WHY HAM RADIO - WHY NOT CB?
YOUR FIRST RIG
HF AMPLIFIER BASICS
GROUNDED GRID BASICS
POWER SUPPLY BASICS
WHAT NOT TO DO AROUND HV!
WHY HAM RADIO?
To start with, it might be helpful to state that this is not a critique of CB Radio. Despite what you may have read or heard, the Citizens Radio Service was created by the FCC to permit the average Joe an opportunity to use two-way radio to conduct personal and business communication over relatively short distances. If that's all you want to do with it, than CB will likely be the ticket for you.

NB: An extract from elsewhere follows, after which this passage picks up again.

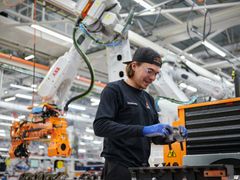 Mechanic inserting components into an AGCO Power engine in the engine assembly plant in Nokia Finland with a robot in the background.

Personally, I toyed with a CB walkie-talkie in my teens only long enough to begin worrying whether the knock on the door was the FCC coming to take me away. For me, radio was something I wanted to learn about - that I wanted to get inside of and tinker with. I wanted to fool with dreaded electro-magnetic waves and see what I could do with them. I knew that just turning knobs and talking into a microphone would never cut it. So, fearful of what my mother would say when the FCC showed up at the door, I gave the CB walkie-talkie away. It wasn't until several years later that I rediscovered radio and was fortunate enough to be drawn in the right direction.
One of the things that appealed to me when I began seriously looking at radio was the ability to communicate with radio operators world-wide. The thought of talking to another radio operator in Asia, for example, appealed to me - as did the possibility of receiving written confirmation of the contact. The problem I had with CB at the time, was that more than one of the operators I visited lied to the guy on the other end of the radio about where they were located. They joked about it afterward, which made me wonder whether CB was for me.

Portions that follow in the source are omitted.